Días pasados se ha celebrado el aniversario del llamado 15-M. Se ha celebrado por sus partidarios y sus protagonistas, claro está, y lo han hecho repitiendo la misma ocupación de las calles -en especial la madrileña Puerta del Sol-, los mismos símbolos y los mismos lemas

Días pasados se ha celebrado el aniversario del llamado 15-M. Se ha celebrado por sus partidarios y sus protagonistas, claro está, y lo han hecho repitiendo la misma ocupación de las calles -en especial la madrileña Puerta del Sol-, los mismos símbolos y los mismos lemas. Símbolos y lemas que han presidido los intentos de rodear y asaltar el Congreso, y las multitudinarias coacciones, amenazas y agresiones contra políticos del Partido Popular que han tenido lugar en estos años, delitos varios que ahora se conocen como “escraches”. Muchos de los partidarios y protagonistas del primitivo 15-M ocupan las instituciones merced a las urnas; y las ocupan como si ocuparan las calles, de una forma muy poco respetuosa con los usos de la democracia. Y otros se han integrado en el mundo del trabajo y de las responsabilidades. Pero esos antiguos partidarios y protagonistas del 15-M han tenido unos sucesores a su altura, tan a su altura que han llegado a increparlos y abuchearlos, a pesar de que algunos pertenecen a partidos tan poco sospechosos de falta de radicalidad, demagogia y populismo como Podemos.
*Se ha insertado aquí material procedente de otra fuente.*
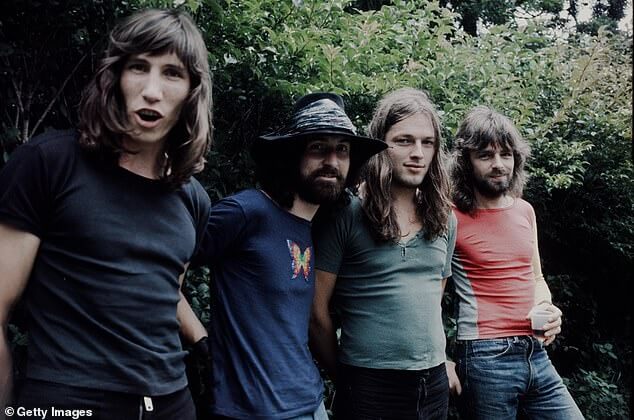 Pink Floyd собираются выпустить отреставрированную версию своего культового шоу 1972 года в Помпеях в IMAX спустя более 40 лет после знаменитого выступления (слева направо Роджер Уотерс, Ник Мейсон, Дэвид Гилмур и Рик Райт)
Mientras los partidarios del 15-M lo celebraban, los demócratas lo hemos lamentado. Y lo hemos lamentado porque la algarada callejera no es auténtica democracia y ni siquiera es democracia a secas. No lo es porque los votos no se cuentan en la calle, sino en las urnas. Y las mayorías se forman con los votos, y no con los gritos, las coacciones, las amenazas y las agresiones. Todas las democracias realmente existentes han sido -y son- democracias representativas, basadas en Parlamentos electos depositarios de la soberanía de los ciudadanos y la voluntad del pueblo. Y así ha sido desde la Revolución Francesa: la toma de La Bastilla originó el Terror y la guillotina, y únicamente el fin del Terror y el orden en las calles hizo posible el Estado de Derecho, la democracia y la libertad.

Es evidente que nuestros partidos y nuestra clase política dejan mucho que desear en términos de democracia y de decencia. Pero, a pesar de ello, el lema y el grito del 15-M de “no nos representan” no es verdad ni es la solución. No hay atajos ni fórmulas mágicas, y el único camino es regenerar nuestra vida política, no asaltar el Congreso, agredir a políticos e invadir las calles. El pueblo que no respeta a su Parlamento está condenado a perderlo. Y recuperarlo puede llegar a ser imposible por generaciones.